Sophia Loren once said that, if you don’t want to appear old, you should avoid groaning when you stand up from sitting. I don’t groan when I stand up, or at least not loudly, but I make other gestures that date me as visibly as a bubble hairdo. For instance, when I want to mimic “call me,” instead of placing my hand by my ear, middle digits flexed and thumb and little finger extended, I stick out my index and twirl it clockwise in the air, as if I were dialing a rotary phone. No matter how often I remind myself that this is even more old-making than groaning, before I know it my finger has twirled. And if you are in your car with the windows up and I have something I say to you, I will signal by rotating my hand and forearm, in a pathetic regression to the days when you rolled down a car window with your hand instead of pushing a button.

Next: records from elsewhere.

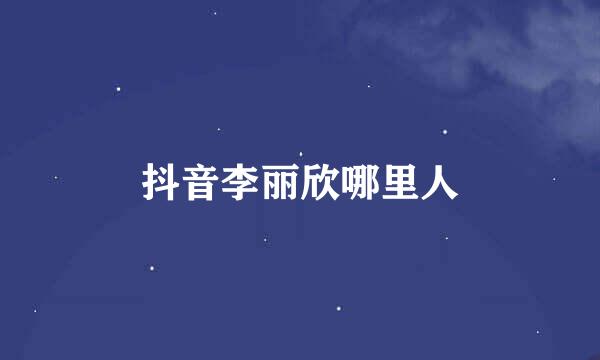 抖音李丽欣哪里人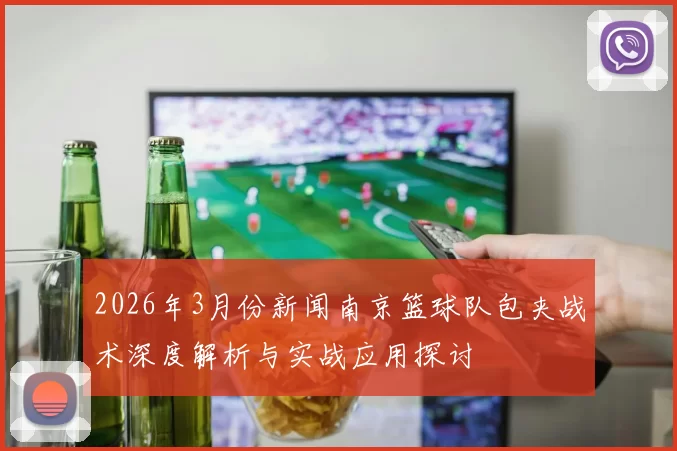 2026年3月份新闻南京篮球队包夹战术深度解析与实战应用探讨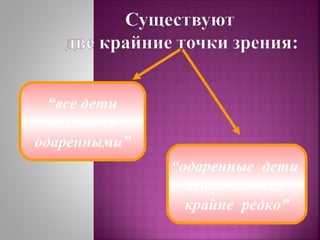“все дети
являются
одаренными”
“одаренные дети
встречаются
крайне редко”

 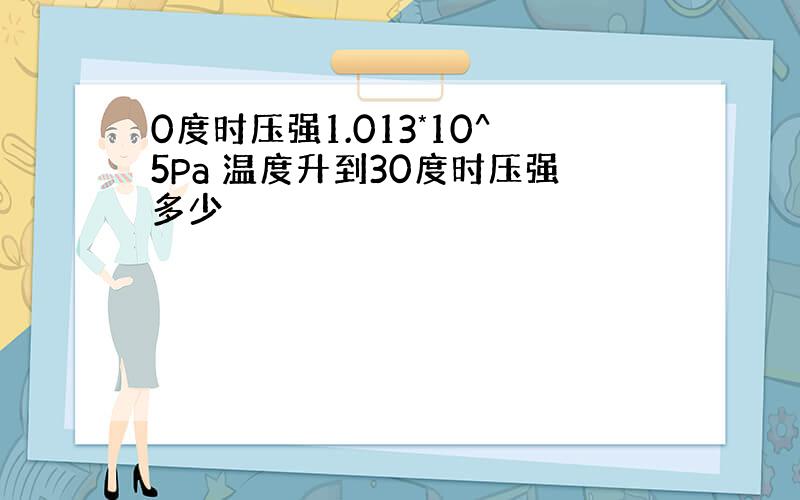 0度时压强1.013*10^5Pa 温度升到30度时压强多少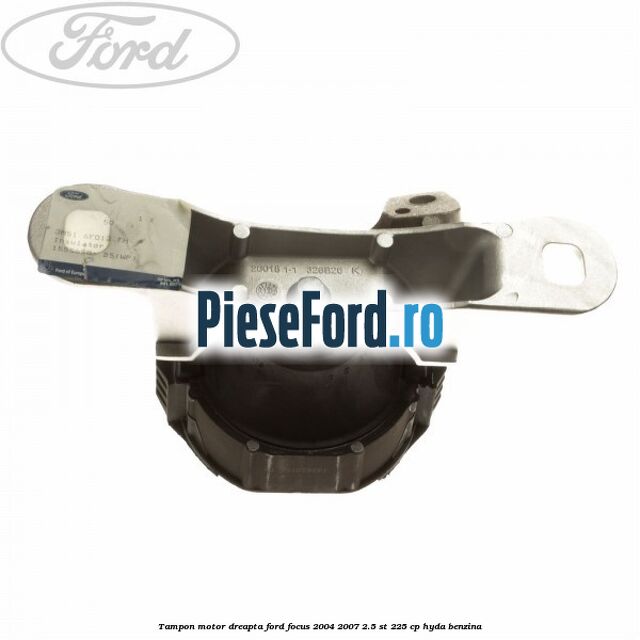 Tampon motor dreapta Ford Focus 2004-2007 2.5 ST 225 cp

I have some thoughts about the buttons that have rendered these and other gestures obsolete. Where a push of a button with the index finger now rolls down the window, dials the phone, and disappears an unwanted solicitation, the old movements were varied, and involved different parts of the body. Starting a car used to require vigorous rotations of the entire arm (please note that this was well before my time). By the 1940s that procedure had dwindled to a flick of the wrist, and now requires no more than the push of a button. Shifting gears used to involve the forearm, and letting out the clutch involved both feet. Now something in the bowels of the car does the shifting, and as for the clutch, who even knows what that is anymore?
Remember manual typewriters, how heavy they were to lug around? The keys were sturdily resistant to touch (are you sure that’s the right word? they seemed to ask), and at the end of a paragraph you had to twist the roller to move the paper up. Now our laptops are light as a feather, the keys respond to the slightest contact, and to start a new paragraph we click the Enter button. (Of all the charms of a manual typewriter, the one I miss the most is that friendly ding of the carriage return, an encouraging acknowledgement that you were one line closer to your goal.)
In ancient times, if we wanted to change a TV channel we had to stand up, walk to the set, twist a dial, and adjust the rabbit ears. Now we remain sprawled in our recliners, pushing buttons and popping bonbons in our mouth. To keep my physical deterioration at a minimum while watching TV, I set my phone timer for twenty minutes, at which point I decant the cat from my lap, stand up, and wave my arms and legs around a bit. Then I sit down, call the cat, who deeply resents this routine, back onto my lap, and reset the timer.
The young Bach once walked twenty miles to hear Buxtehude play the organ. Today he would just click on YouTube and listen to his heart’s content.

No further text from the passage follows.